In some cases the corners are damaged while the book cloth is still intact. Other times the book cloth will be torn or missing. In either case, cut through the book cloth on the top and fore edge of the board. Cut well past the damaged board into sound board and cloth.
Separate the layers of board and use a microspatula or knife to apply PVA glue to several of the book board layers. The PVA will seep through the thin layers of board so every layer does not need to have glue applied. The number of glued layers depends on the condition of the book board.
If the original book cloth covers the corner, paint a small amount of glue on the wrong side of the book cloth and smooth it over the corner. (If the book cloth needs to be replaced, follow the instructions for Attaching New Corner Book Cloth in a separate post.)
With fingers or a folder, press the book cloth onto the board, moving from the base of the repair up toward the comer edge.

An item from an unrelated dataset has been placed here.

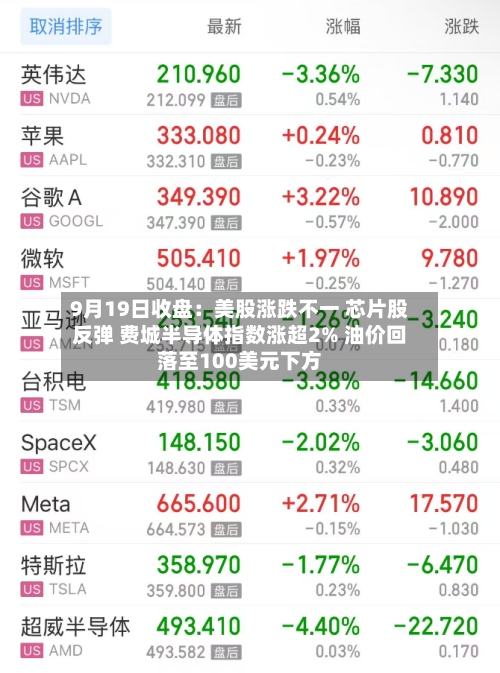 9月19日收盘：美股涨跌不一 芯片股反弹 费城半导体指数涨超2% 油价回落至100美元下方-第3张图片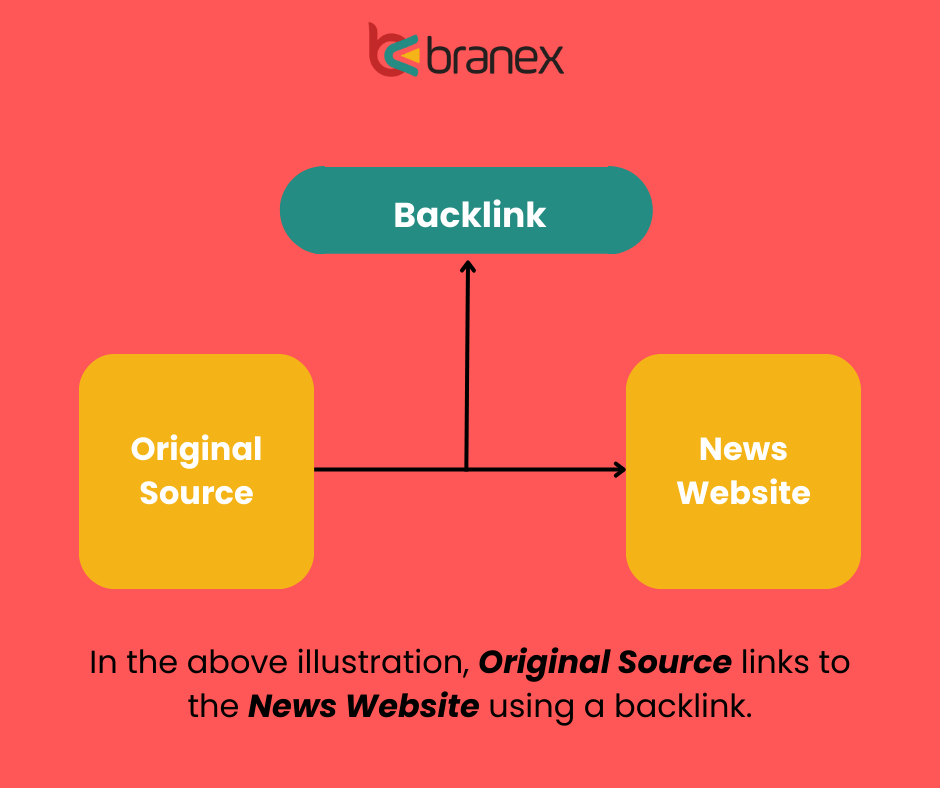 What are Quality Backlinks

Wipe away any excess glue with a cloth or paper towel.
Note how much excess glue came out of the corner and use that as a gauge to decrease or increase the amount of glue used. A small amount seeping out is good because it means that the glue has reached all the layers of cardboard. Too much adhesive seeping out is wasteful and makes a mess to clean up.
For sharp flat corners, cover each side of the corner with wax paper or non-stick material and clamp between two pieces of book board using bulldog clips. Use dense mat board or book board, not corrugated cardboard that will compress under the pressure of the clips.
Another way to achieve flat corners is to lay the repaired comer flat against the work table and weight it down with a paper covered brick.
Corners do not have to be sharp or flat to protect the book. Some older books may look more “natural” with rounded corners, especially when only one or two corners are repaired. If rounded comers would look better, mold the corners into position while the glue is wet and let the repair dry without weight or pressure.